When you copy from the entries that follow, take only the lines from the one with "Ввоз немецких урановых" down to the one with "Evolution du résultat comptable pour la", keeping both ends and dropping every picture.

++++ Supplied entries

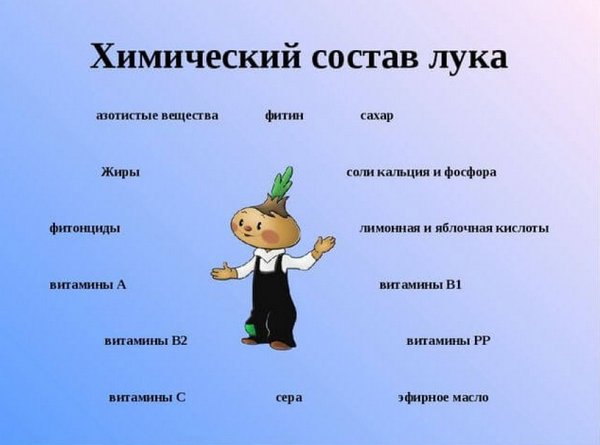 Лук при грудном вскармливании можно ли?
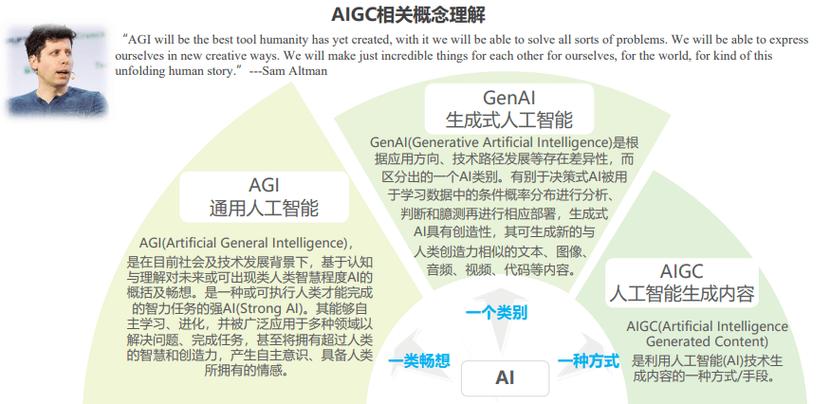 OpenAI为何加速封锁技术出口？揭秘AI巨头背后的闭源战略  第7张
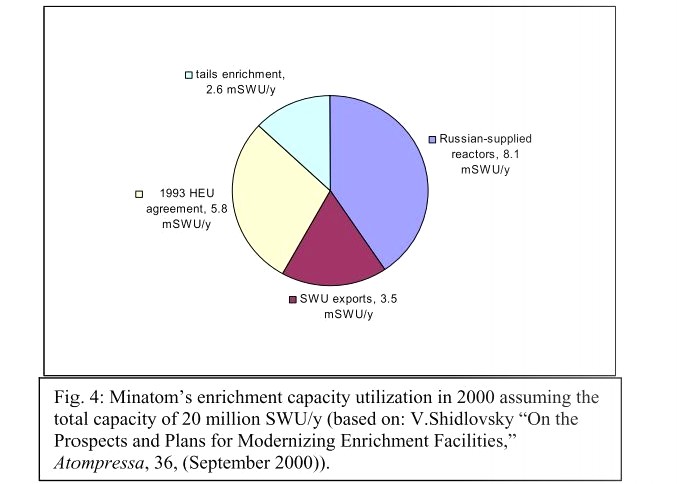 Ввоз немецких урановых хвостов в Россию. Часть 2. Дообогащение - 9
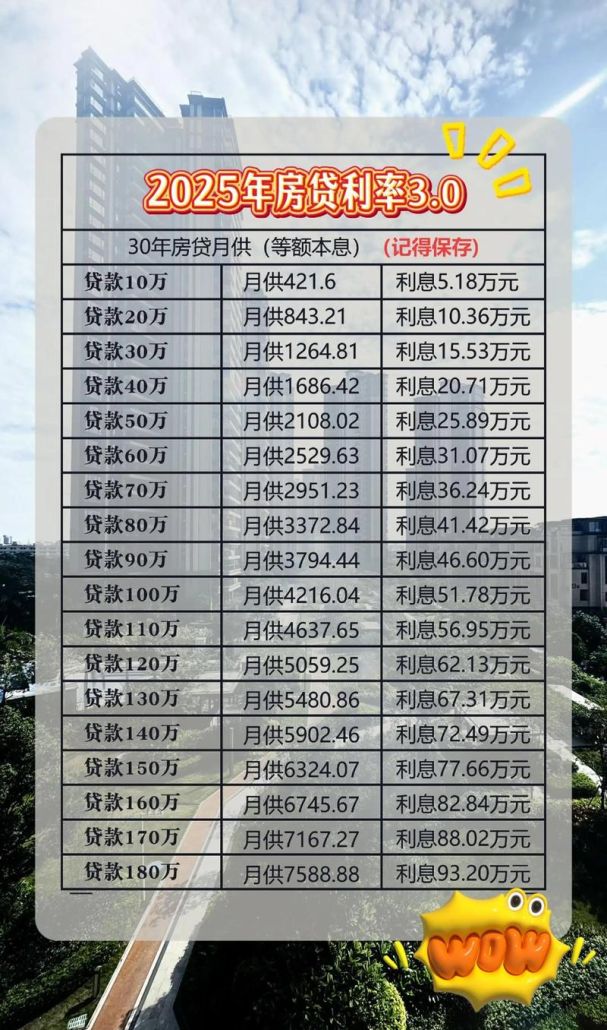 东莞惠州二手房贷款利率大揭秘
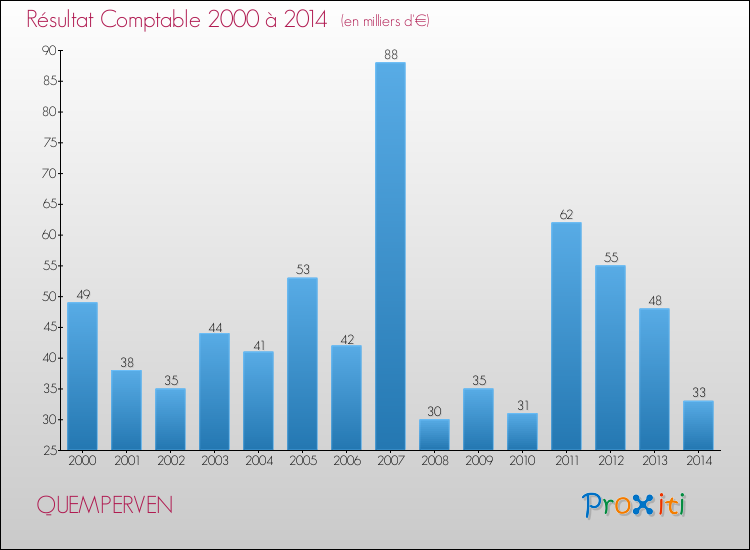 Evolution du résultat comptable pour la commune de QUEMPERVEN de 2000 à 2014 Evolution du résultat comptable pour QUEMPERVEN de 2000 à 2014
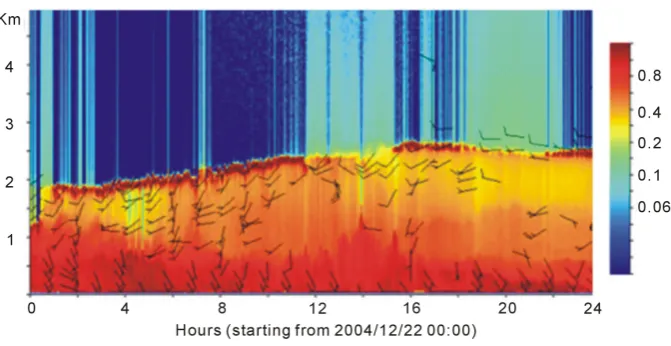 Figure 5. The evolution of local aerosol backscattering signal from Lidar,which located at lee side of Nanling
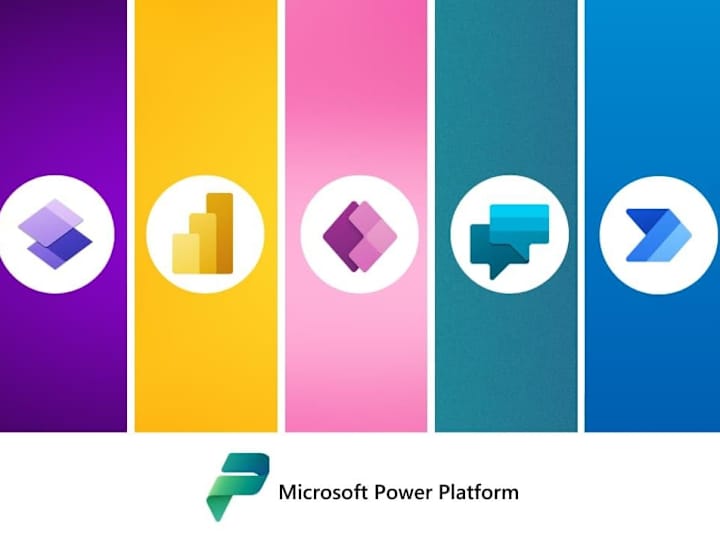 Cover image for Power Automate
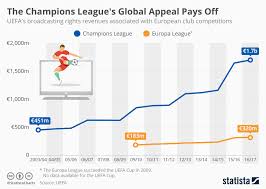 chart the champions leagues global appeal pays off statista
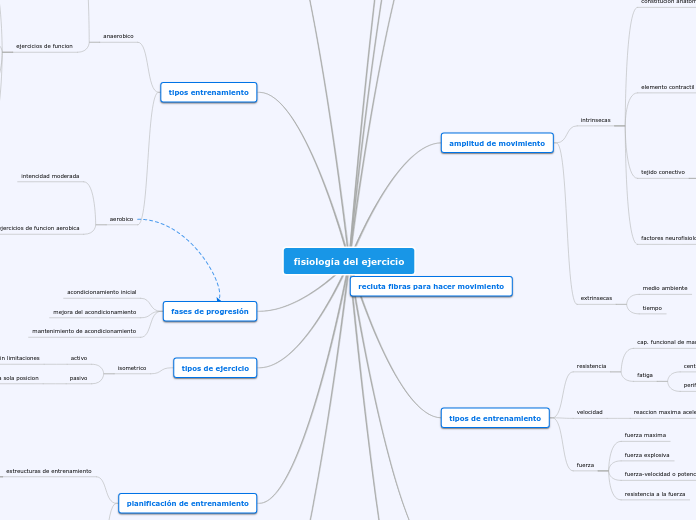 fisiología del ejercicio - Mapa Mental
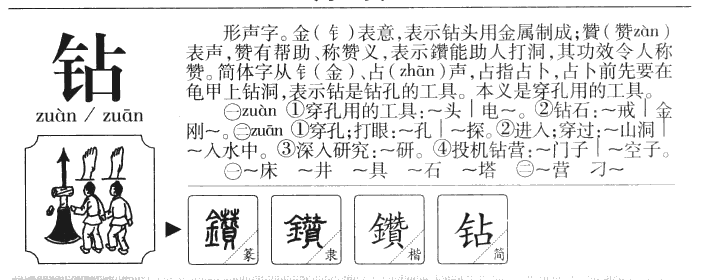 钻字字源字形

++++++++

**Response to the task:**
 Ввоз немецких урановых хвостов в Россию. Часть 2. Дообогащение - 9
 东莞惠州二手房贷款利率大揭秘
 Evolution du résultat comptable pour la commune de QUEMPERVEN de 2000 à 2014 Evolution du résultat comptable pour QUEMPERVEN de 2000 à 2014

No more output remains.